¡La bondad de la naturaleza es infinita e innegable!…

Mi último suspiro fue el mismo que le dio la vida a ese pedacito de esperanza adornado de virtudes y engalanado con las más exquisitas promesas de una existencia dotada de victoria y de conquista. Mientras mi alma se elevaba despacito, como dándome lugar a despedirme, mi mente seguía conectada con la de él; en ese vínculo acerado que nos hace inmortales y perpetuos. Bastaron nueve meses para que se forjara esa sensibilidad que nos hacía cómplices de amor; creando en él y en mí, una simetría siamés unida por dos almas.

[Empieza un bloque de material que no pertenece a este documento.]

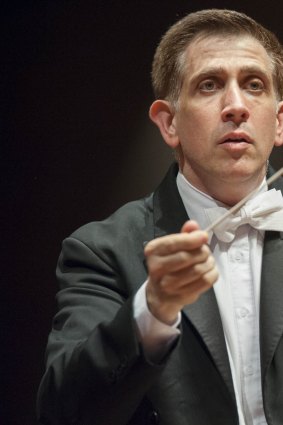 Nicholas Milton conducting the Canberra Symphony Orchestra.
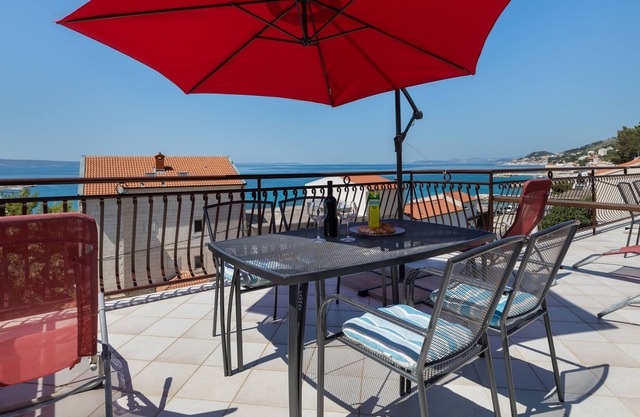 Two bedroom apartment near beach Sumpetar, Omiš (A-11462-a)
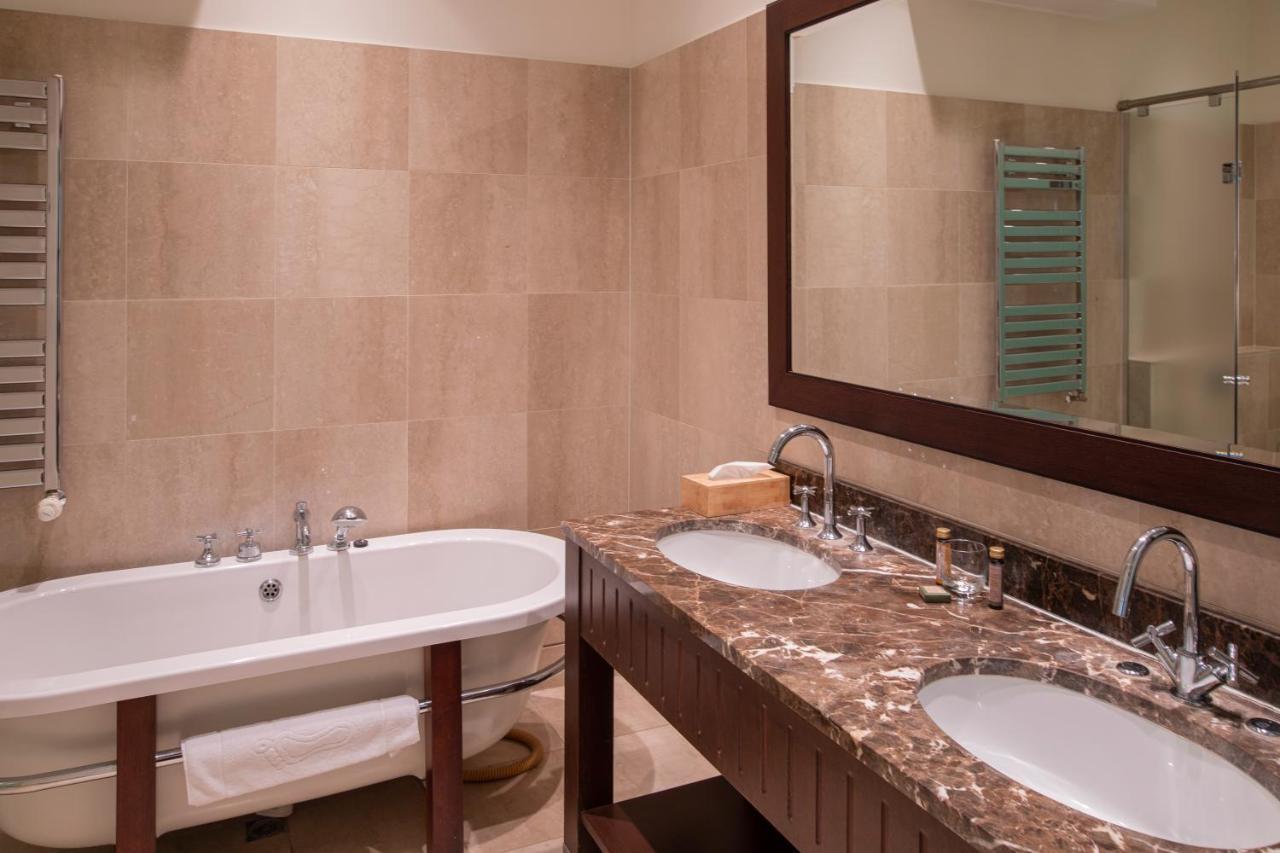 1898 Apartamentų viešbutis 4*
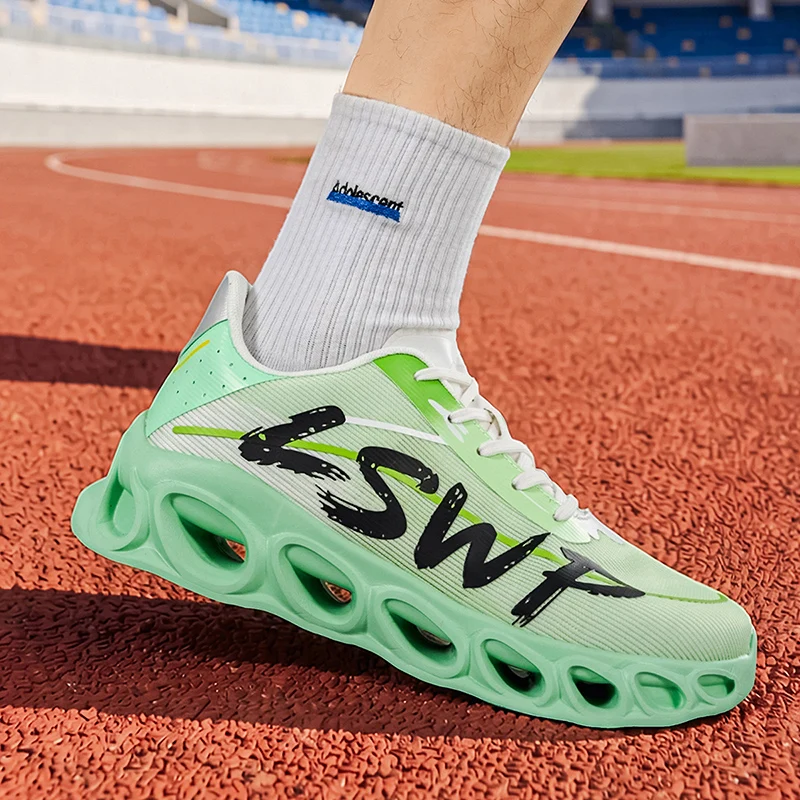 Herren-Laufschuhe, Tennisschuhe, koreanischer Stil, trendige Herren-Sportschuhe mit dicker Sohle und hohlem Design, atmungsaktives Mesh-Material, abriebfest, stoßdämpfend, für den täglichen Gebrauch, lässige Laufschuhe für Herren. – Detail 24
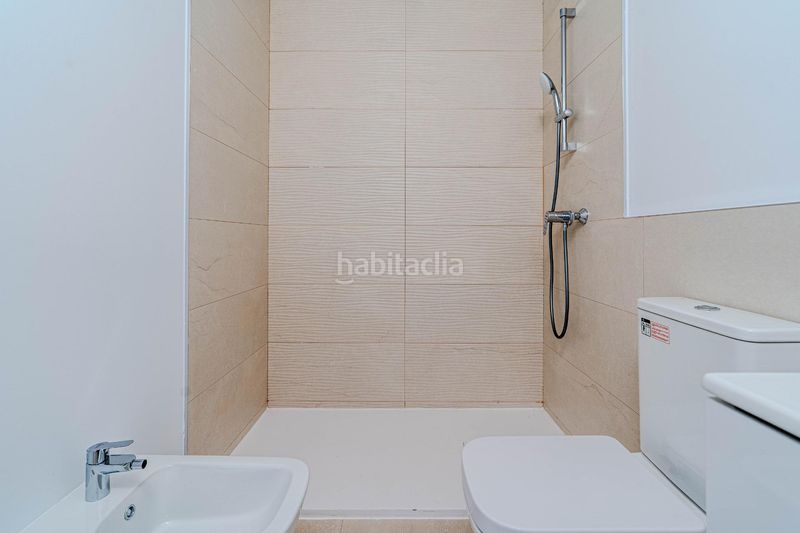 Foto bd3563d1-c54a-4c44-9d99-bd7e39115623. Pis amb calefacció aparcament piscina a Aljamar Tomares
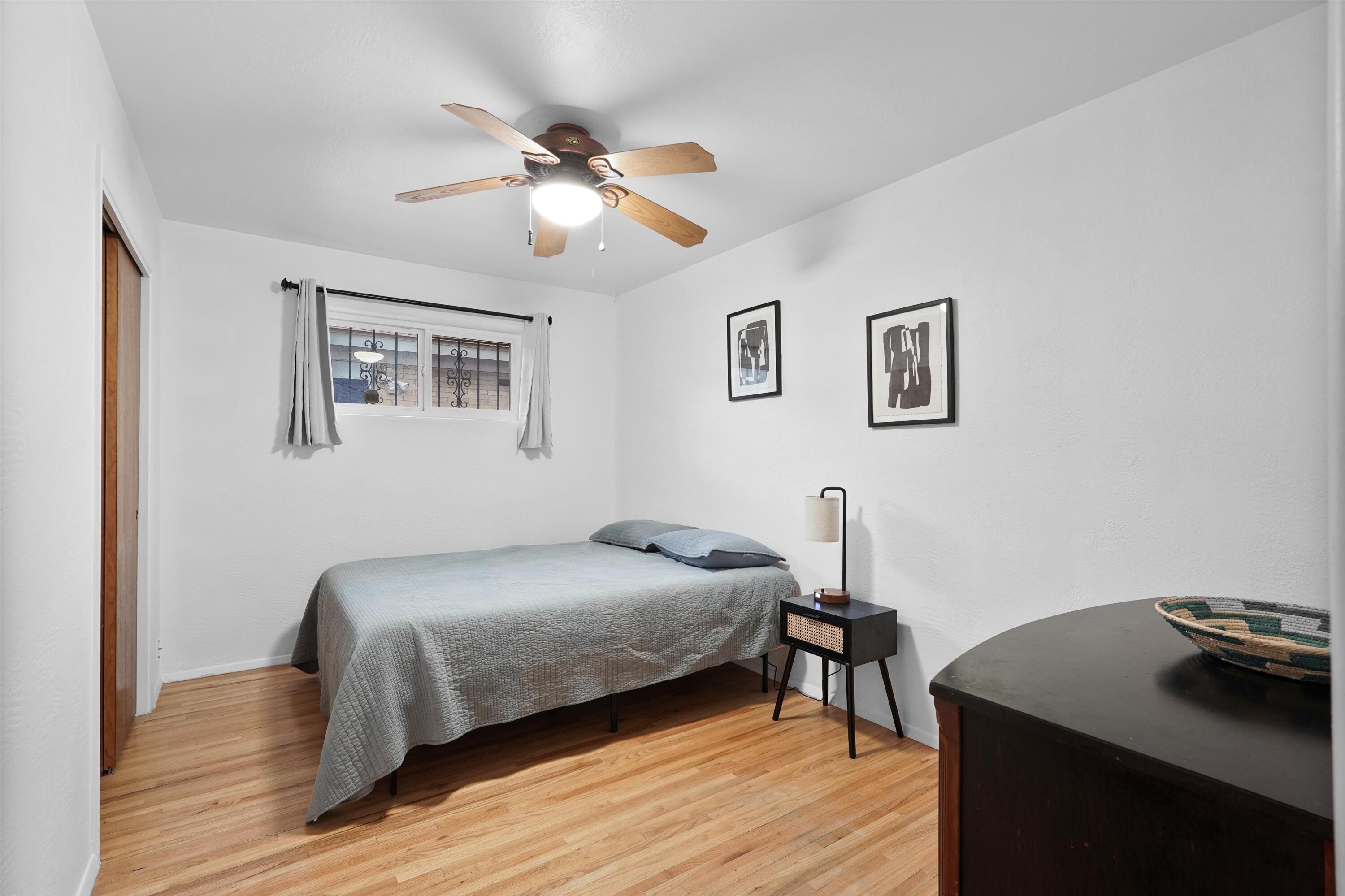 Photo 20 — 400 Sierra Drive SE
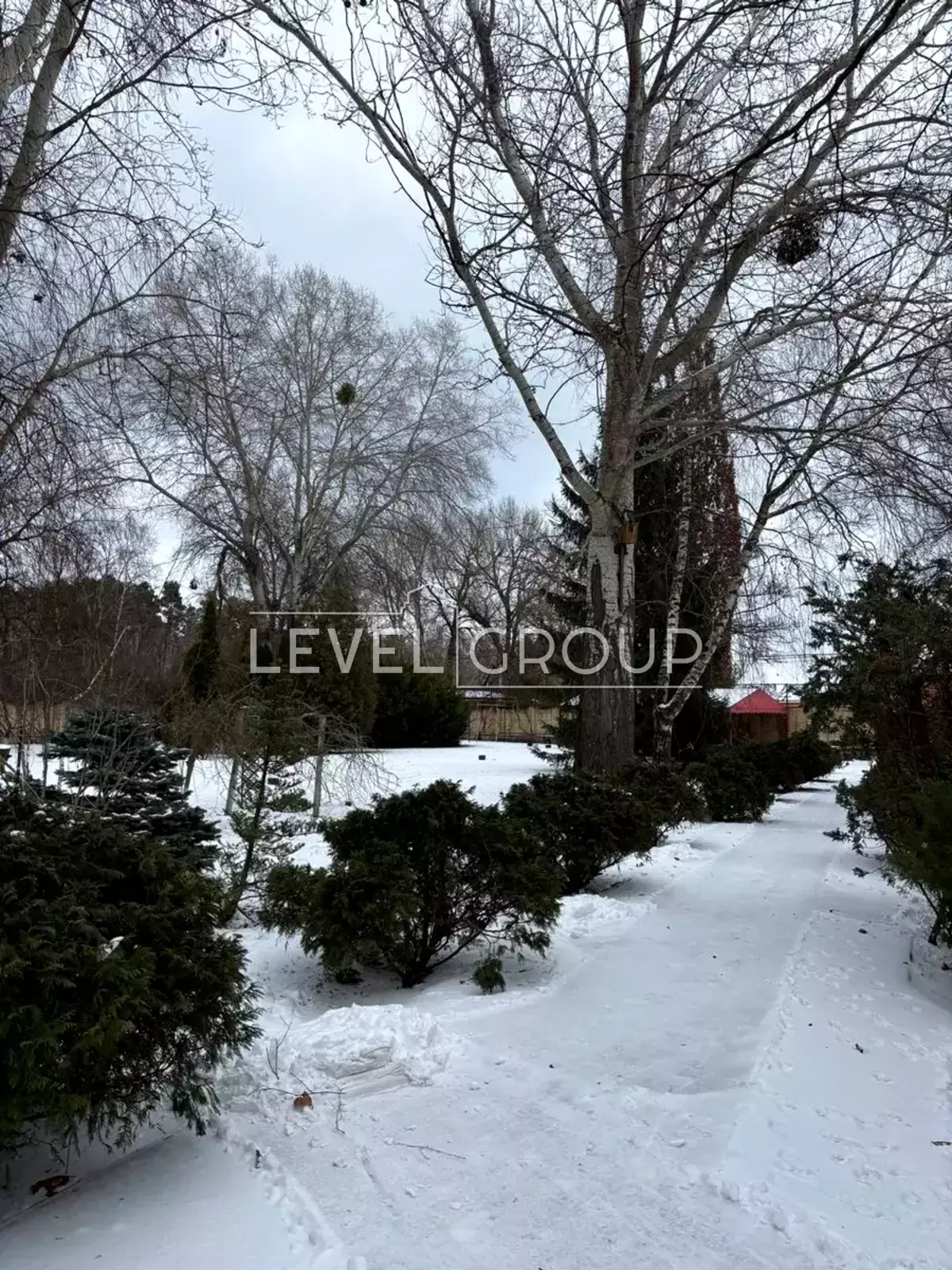 Мистецька вул., 7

Yo debía partir a un viaje sin retorno, él debía quedarse para cumplir con el milagro de su existencia. No estaría sólo, mi otra mitad quedaría con él para llevarlo de la mano por caminos de conquista, lejos, muy lejos de la miseria, del llanto y del sufrimiento. Yo estaría con ellos desde arriba, con la promesa indestructible de hacer inmortal esa esencia que nos conectaría para siempre, lejos de posibles pretensiones heroicas; mi partida estaba revestida de paz y de sosiego. La muerte en mi caso, no era un yugo infame; era un trueque de esperanza que le daba la garantía de existencia a la parte de mí que se quedaba en este mundo.

Ya era hora de dejarlos, de avanzar hasta el lugar que el destino me tenía preparado, los dos hombres de mi vida estaban facultados para emprender ese trayecto, tomados de la mano para que sus triunfos no se esfumen. No estoy triste; estoy tranquila. El amor disipa mi presente y me llena de anhelos. Un suspiro me arropa con su fuerza y me garantiza la paz que desde ahora me acompaña.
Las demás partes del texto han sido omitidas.